* Problem to work on *
Transcribe the listing exactly, skipping every picture.

* Data under study *
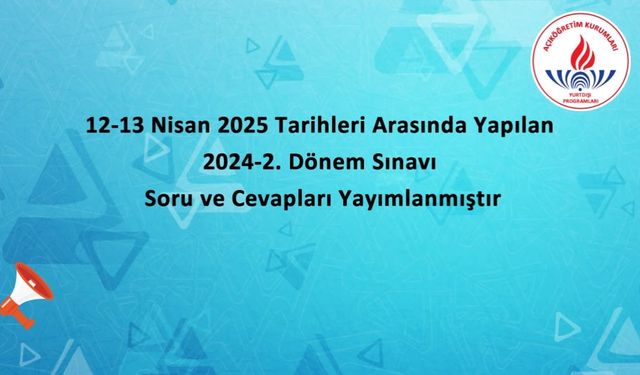 2. Dönem Sınavı  Soru ve Cevapları Yayımlandı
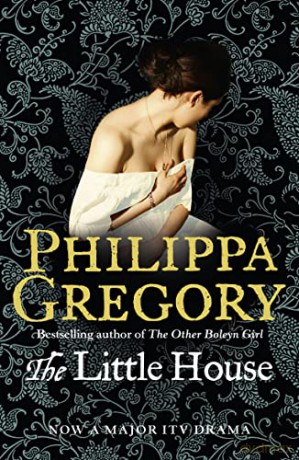 The Little House: The Sunday Times bestselling author's unmissable psychological thriller novel - Philippa Gregory [KSIĄŻKA]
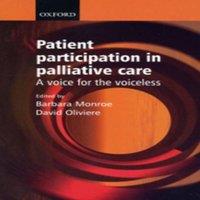 Oxford University Press Patient Participation in Palliative Care: A Voice for the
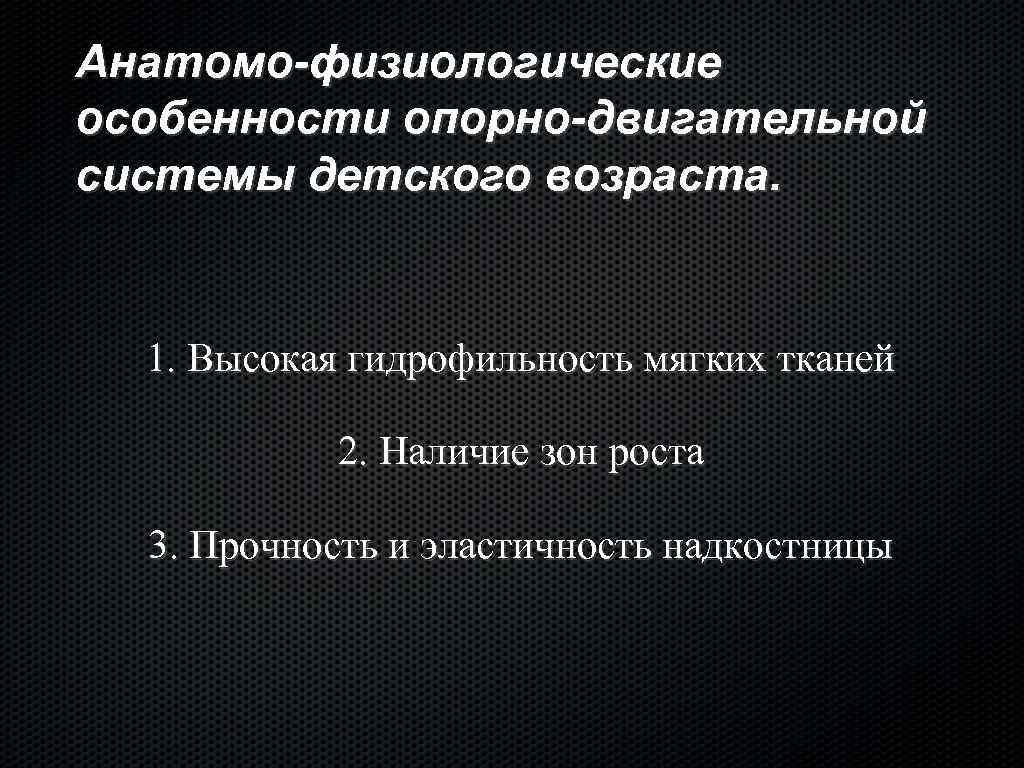 Анатомо-физиологические особенности опорно-двигательной системы детского возраста. 1. Высокая гидрофильность мягких тканей 2. Наличие зон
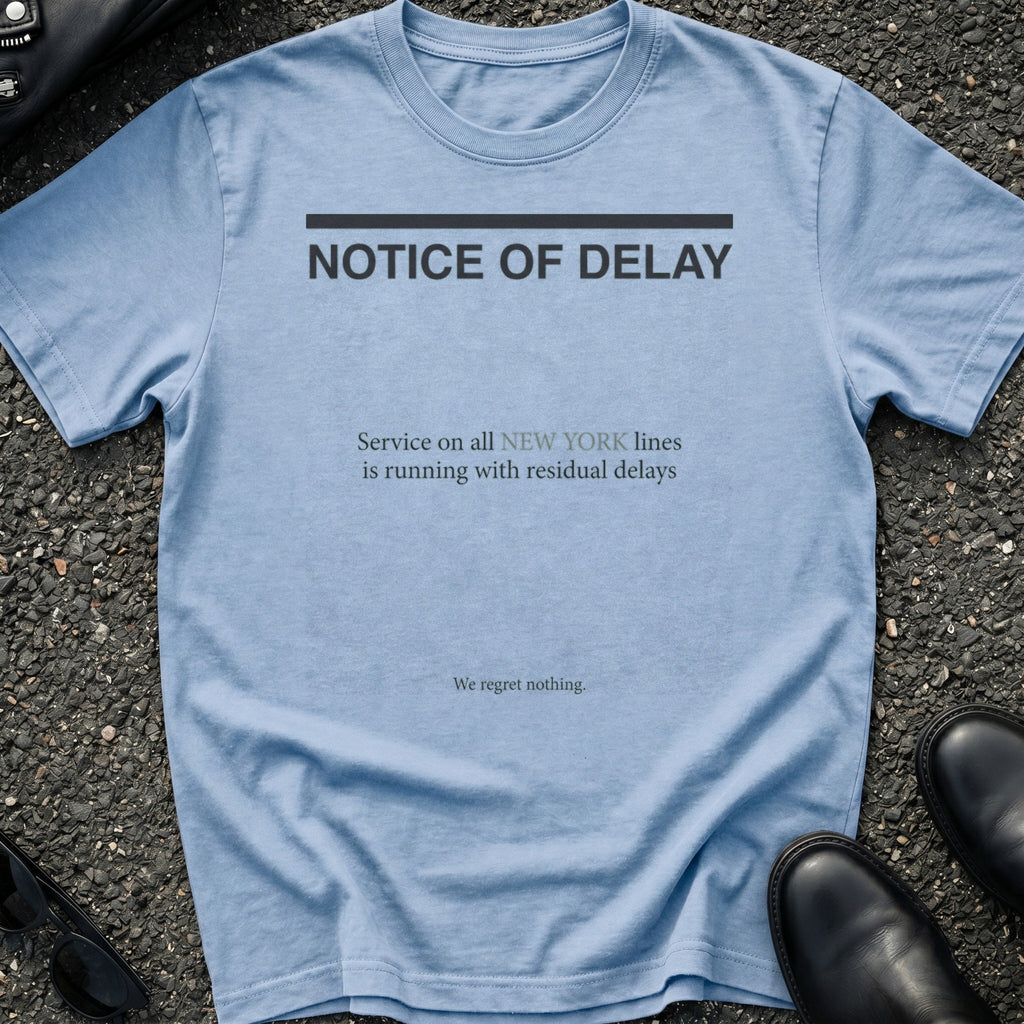Notice Of Delay T-Shirt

* Written response *
 2. Dönem Sınavı  Soru ve Cevapları Yayımlandı
 The Little House: The Sunday Times bestselling author's unmissable psychological thriller novel - Philippa Gregory [KSIĄŻKA]
 Oxford University Press Patient Participation in Palliative Care: A Voice for the
 Анатомо-физиологические особенности опорно-двигательной системы детского возраста. 1. Высокая гидрофильность мягких тканей 2. Наличие зон
Notice Of Delay T-Shirt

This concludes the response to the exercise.